Впослѣдствіи, пріѣхавъ туда, я засталь въ типографіи слѣдующую картину: за однимъ столомъ нашъ софійскій «выпускающій редакторъ» И. П. Ниловъ диктовалъ экстренную статью противъ коммунистовъ, а за другимъ столомъ коммунисты правили корректуру ожесточеннѣйшихъ выпадовъ противъ русскихъ бѣлогвардейцевъ, допущенныхъ въ Болгарію.

Въ этомъ трудномъ дѣлѣ я могъ оцѣнить во всей полнотѣ высокія качества моего молодого сотрудника. Каллиниковъ прежде всего обладалъ однимъ рѣдкимъ преимуществомъ. Онъ былъ нетронутъ временемъ. Войны, революціи, бѣгства какъ по бронѣ по немъ скользнули и не оставили даже царапины. Онъ не только не прятался, а какъ будто самъ подставлялся подъ удары. Онъ плавалъ въ своей стихіи, а не страдалъ. Соннаго, нормальнаго, чеховскаго времени онъ не зналъ. Едва сдѣлался совершеннолѣтнимъ, когда началась война. Смута застала его свободнымъ отъ свойственныхъ всѣмъ намъ предвзятостей спокойнаго прошлаго.


Онъ былъ журналистомъ отъ головы до пятокъ.

Онъ зналъ цѣну схваченнымъ на лету мазкамъ, замѣняющимъ конченную картину, могъ писать на обрывкѣ среди шума разговоровъ; готовъ быль сдѣлать двадцать верстъ для полученія интереснаго свѣдѣнія въ пять строчекъ; вдыхалъ какъ запахъ резеды типографскую краску; бодрился отъ мѣрнаго стука машины; смаковалъ красоты искусной верстки. Онъ не зналъ разницы между ночной и дневной работой, видимо предпочитая ночную, лихорадочно спѣшную; любилъ добираться до подоплеки вещей, считалъ, что обслуживаемая печатью потребность знать все, самое сокровенное, совпадаетъ съ извѣстной соціальной необходимостью.

Едва ли, впрочемъ, онъ задумывался надъ своими обязанностями. Онъ ощущалъ ихъ инстинктомъ.

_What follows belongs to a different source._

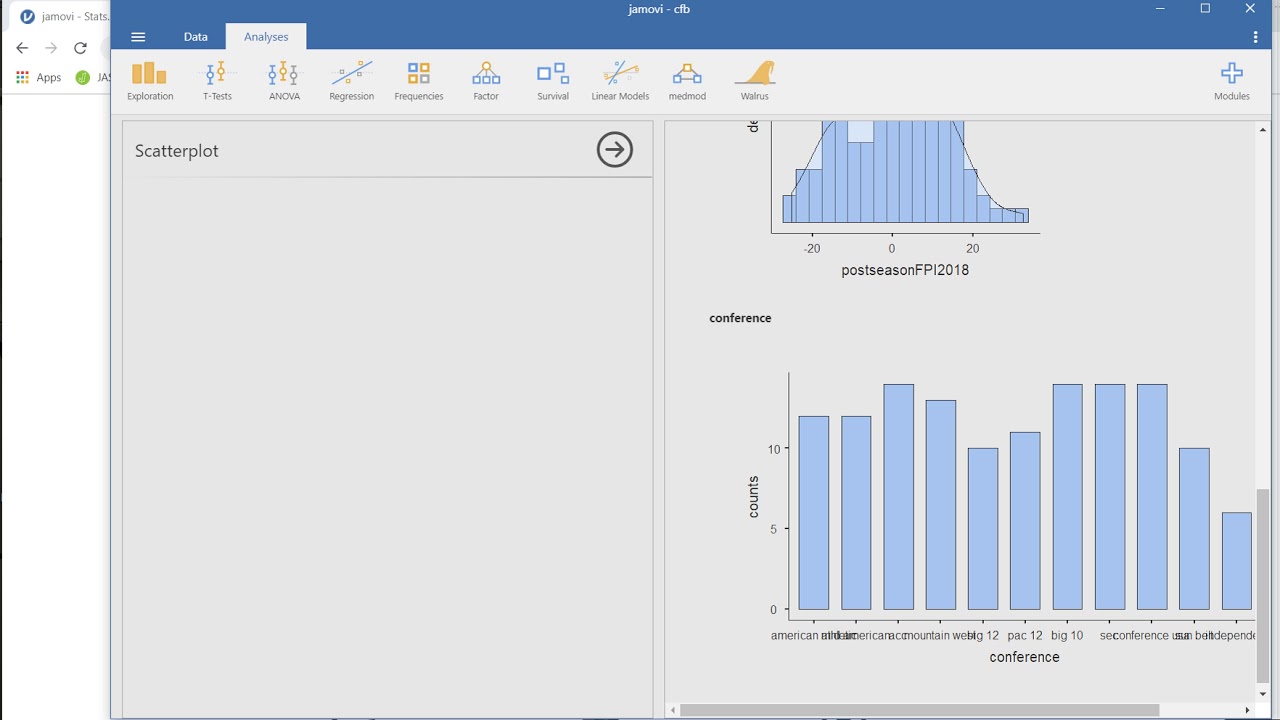 Test driving a free open-source statistics program: Jamovi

Я рѣдко встрѣчалъ русскаго человѣка, да еще литератора, такъ мало говорившаго по общимъ вопросамъ. Это единственный знакомый, отъ котораго я ни разу не слышалъ обшаго мѣста. Онъ говорилъ только о томъ, что надо сдѣлать и чего не надо дѣлать. Спорилъ въ предѣлахъ частныхъ техническихъ темъ, выдвигаемыхъ работой. При теоретическихъ бесѣдахъ — обыкновенно молчалъ и скучалъ. Такое видимое безразличіе къ отвлеченностямъ было бы странно въ интеллигентѣ, но дѣло именно въ томъ, что онъ не былъ «интеллигентомъ», а дѣятелемъ. Горѣніе превратилось въ двигательную силу. Мозгъ былъ орудіемъ, а не самоцѣлью, — такимъ же орудіемъ, какъ руки.

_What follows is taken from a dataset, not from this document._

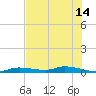 Homosassa tide chart for Wednesday, June 14, 2023
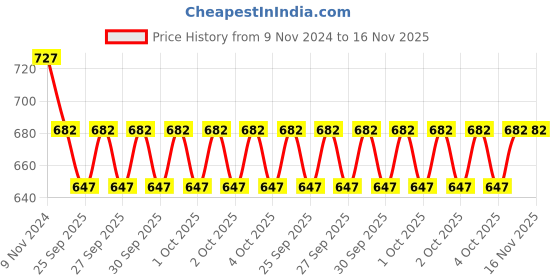 moglix.com KEC NU-2206 Cylindrical Roller Bearing, 30x62x21 mm kec Price History Graph from 9 Nov 2024 to 15 Nov 2025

Каллиниковъ никогда не грустилъ, не умничалъ, не интересовался истинами, лишенными ближайшаго примѣненія. Не знаю, могъ ли онъ дать что-нибудь какъ писатель. Но для дѣятеля современности свобода отъ полумечтаній означала сосредоточеніе на одномъ опредѣленномъ предметѣ, получавшемъ необходимый волевой толчокъ.

Каллиникову была свойственна рѣдкая разновидность смѣлости — безстрашіе. Онъ былъ безпокойный и настойчивый противникъ. Борьба съ коммунистами въ Болгаріи большое его дѣло, а убійство его — для него блистательный атестатъ.

Такъ убираютъ съ дороги политическія помѣхи, Такой опасной помѣхой онъ и былъ для большевиковъ — всюду, гдѣ появлялся.

Передъ Каллиниковымъ раскрывалась многозначительная жизнь. Въ его лицѣ безвременно погибъ выдающійся русскій журналистъ и борецъ за національное дѣло.

[1] У вашего бюро плохое досье (фр.)

[2] Благоволите принять мои наилучшія гуманистическія чувства (фр.)